Segment Open
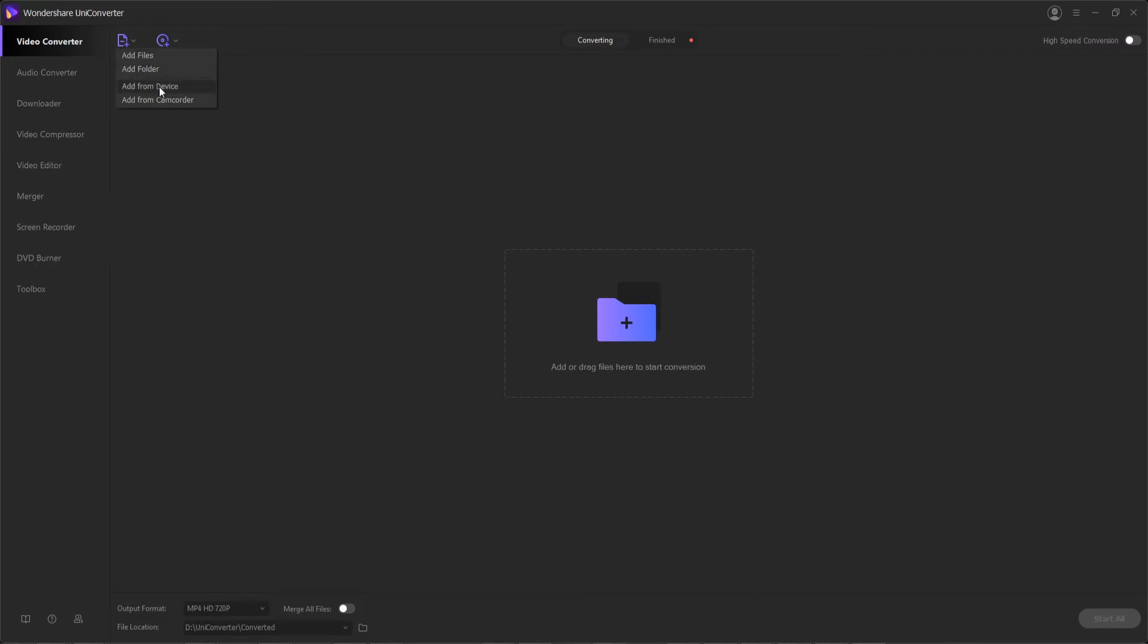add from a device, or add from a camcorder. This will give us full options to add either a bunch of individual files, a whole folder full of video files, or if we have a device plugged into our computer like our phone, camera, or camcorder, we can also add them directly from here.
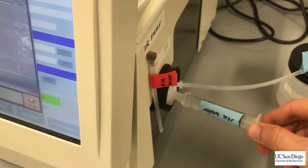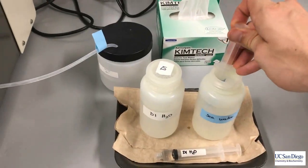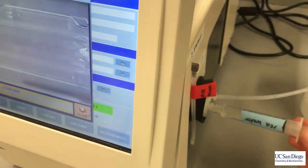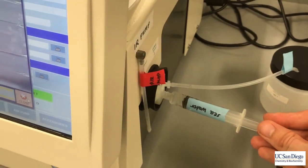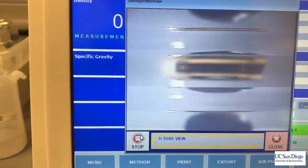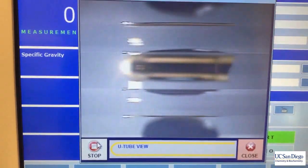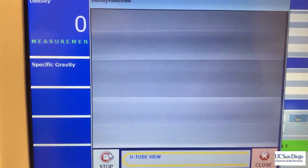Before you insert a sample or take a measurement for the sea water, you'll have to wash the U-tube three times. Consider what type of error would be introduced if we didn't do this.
Segment Closed
Segment Open
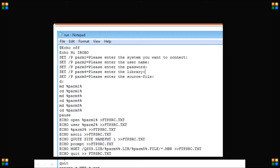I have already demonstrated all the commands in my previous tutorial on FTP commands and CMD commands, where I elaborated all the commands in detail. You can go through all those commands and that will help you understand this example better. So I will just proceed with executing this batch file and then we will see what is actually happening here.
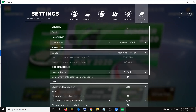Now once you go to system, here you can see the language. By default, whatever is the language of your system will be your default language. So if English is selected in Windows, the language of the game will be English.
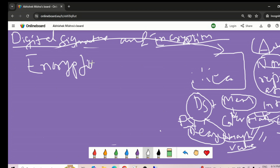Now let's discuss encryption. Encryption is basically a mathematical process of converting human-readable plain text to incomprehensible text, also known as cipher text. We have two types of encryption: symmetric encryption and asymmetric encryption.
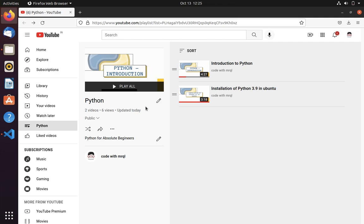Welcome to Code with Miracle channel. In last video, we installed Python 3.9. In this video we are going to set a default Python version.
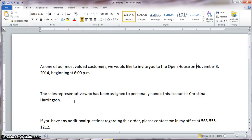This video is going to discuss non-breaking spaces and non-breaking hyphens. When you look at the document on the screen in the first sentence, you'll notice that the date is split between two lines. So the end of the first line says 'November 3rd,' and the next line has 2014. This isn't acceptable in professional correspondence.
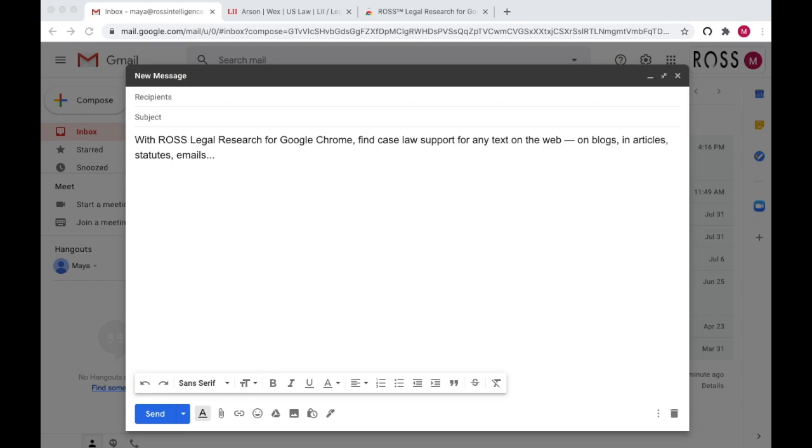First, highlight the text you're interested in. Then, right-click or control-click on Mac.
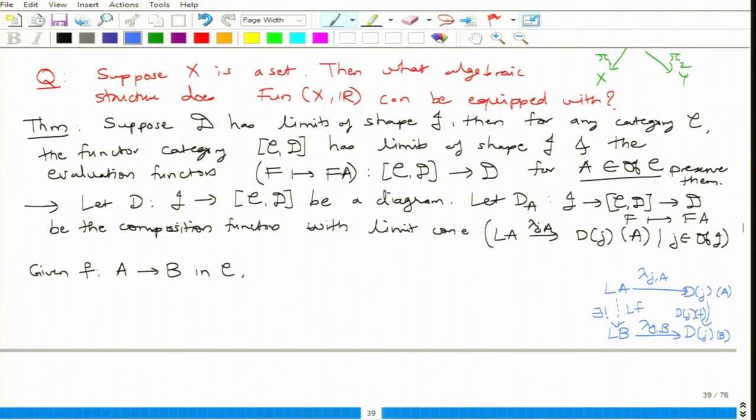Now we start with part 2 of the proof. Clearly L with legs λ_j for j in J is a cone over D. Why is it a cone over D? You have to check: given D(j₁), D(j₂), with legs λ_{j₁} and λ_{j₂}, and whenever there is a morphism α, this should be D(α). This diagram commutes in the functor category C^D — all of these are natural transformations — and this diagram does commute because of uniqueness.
Segment Closed
*EXERCISE INSTRUCTIONS*
Pictures in the entries do not go into the copy. Print only the lines starting at the one containing "add from a device, or" and ending at the one containing "Before you insert", exactly as they appear.

*WRITTEN ANSWER*
add from a device, or add from a camcorder. This will give us full options to add either a bunch of individual files, a whole folder full of video files, or if we have a device plugged into our computer like our phone, camera, or camcorder, we can also add them directly from here.
Before you insert a sample or take a measurement for the sea water, you'll have to wash the U-tube three times. Consider what type of error would be introduced if we didn't do this.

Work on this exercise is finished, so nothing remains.